Task statement: Set down the lines that begin at the top of the records and end with the line containing "Två armar uppsträckta", and drop every picture.

Captioned web images
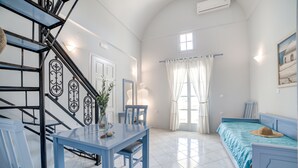 Una habitación con escalera, una mesa de comedor con sillas, una cama con colcha azul y una ventana con cortinas.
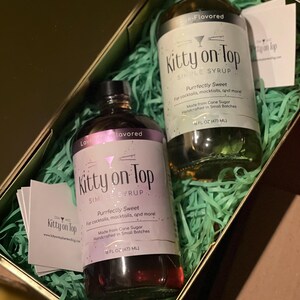 May include: A gift box containing two bottles of "Kitty on Top" simple syrup. One bottle is lavender-flavored, the other sage-flavored. Both bottles are 473 ml and are labeled "Purrfectly Sweet" for cocktails and mocktails. The box is filled with green paper.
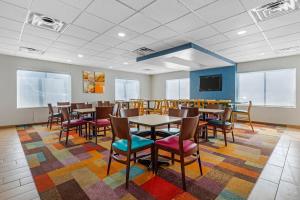 a dining room with tables and chairs on a colorful rug at Comfort Inn & Suites Mt Laurel-Philadelphia in Mount Laurel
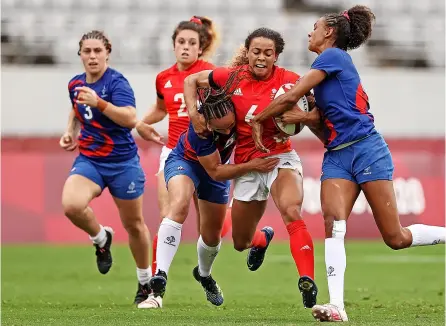  ?? PICTURES: Dan Mullan/getty Images ?? Deborah Fleming is tackled in the women’s semi final against France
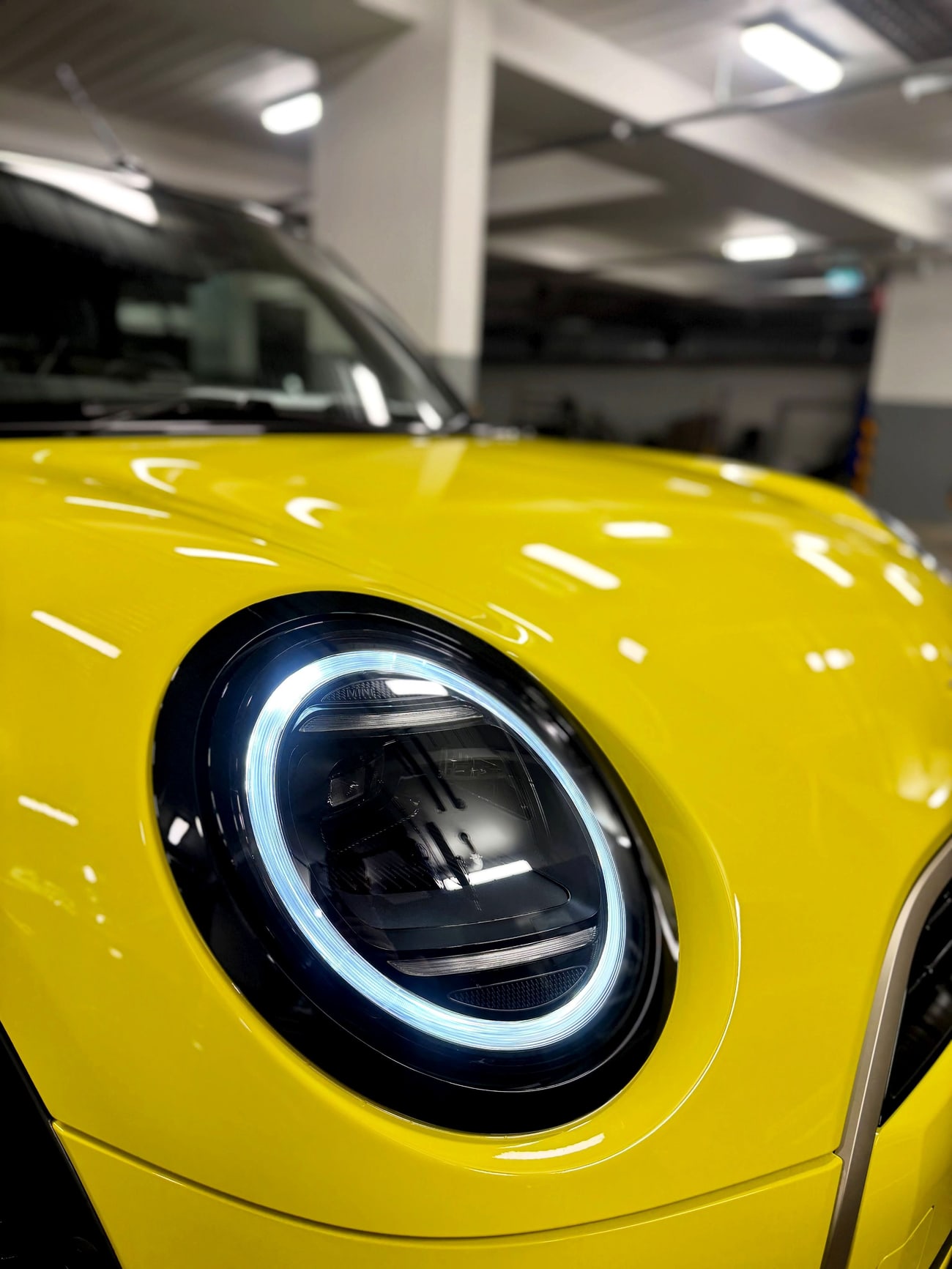 A bright yellow car detailed to a mirror finish
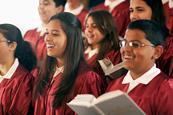 Photo of teenage students singing a song. If too hard, photo of a CD player, or just CDs,  and books to suggest the idea of learning through music.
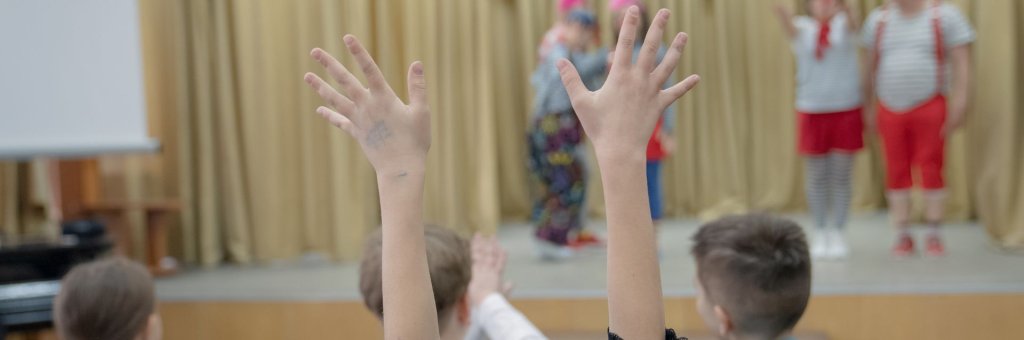 Två armar uppsträckta i luften, i förgrunden artister på scen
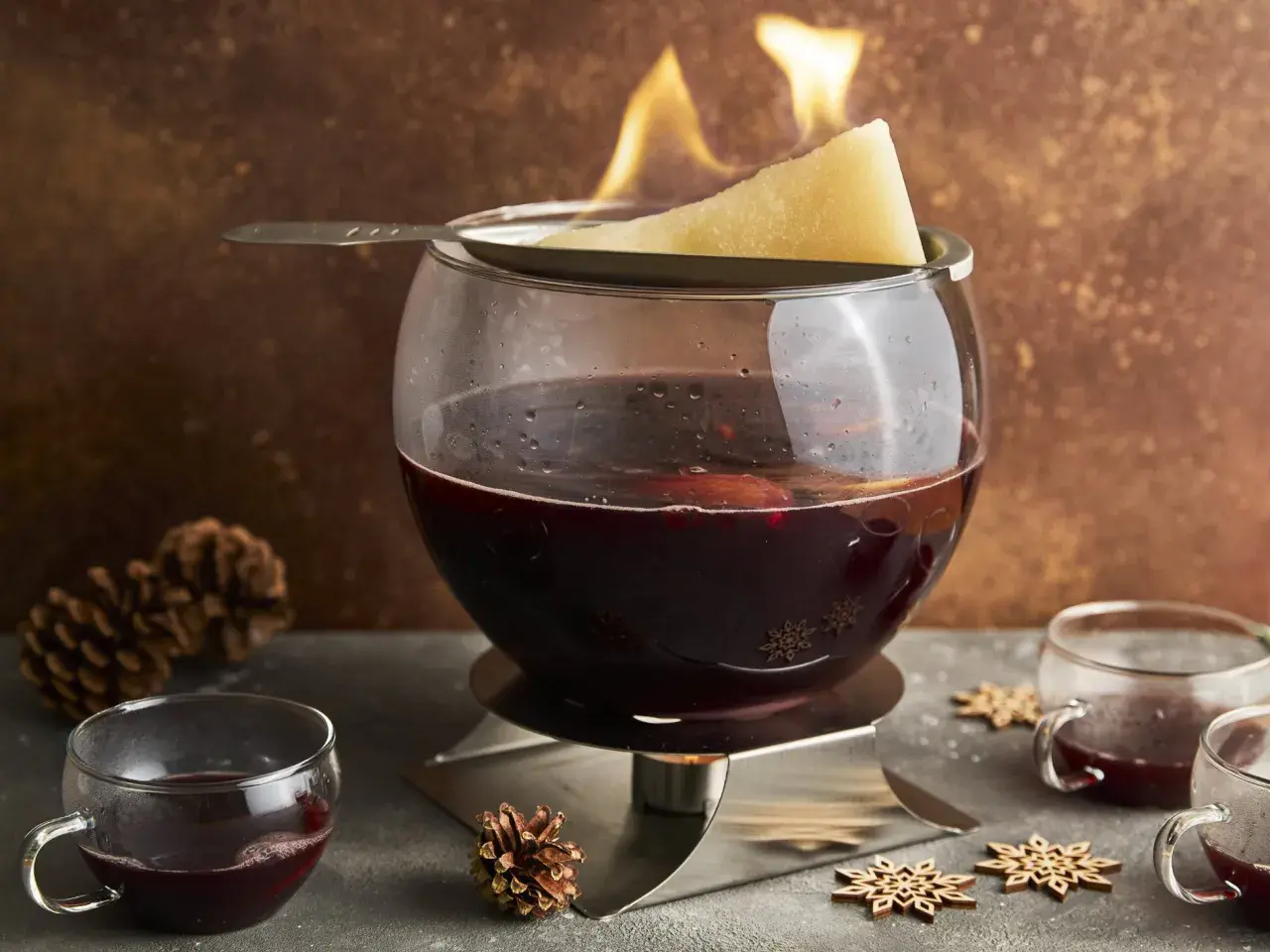 Alkoholfreie Feuerzangenbowle mit brennendem Zuckerhut und Gewürzen. Ein winterlicher Genuss für die ganze Familie.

Written reply:
 Una habitación con escalera, una mesa de comedor con sillas, una cama con colcha azul y una ventana con cortinas.
 May include: A gift box containing two bottles of "Kitty on Top" simple syrup. One bottle is lavender-flavored, the other sage-flavored. Both bottles are 473 ml and are labeled "Purrfectly Sweet" for cocktails and mocktails. The box is filled with green paper.
 a dining room with tables and chairs on a colorful rug at Comfort Inn & Suites Mt Laurel-Philadelphia in Mount Laurel
  ?? PICTURES: Dan Mullan/getty Images ?? Deborah Fleming is tackled in the women’s semi final against France
 A bright yellow car detailed to a mirror finish
 Photo of teenage students singing a song. If too hard, photo of a CD player, or just CDs,  and books to suggest the idea of learning through music.
 Två armar uppsträckta i luften, i förgrunden artister på scen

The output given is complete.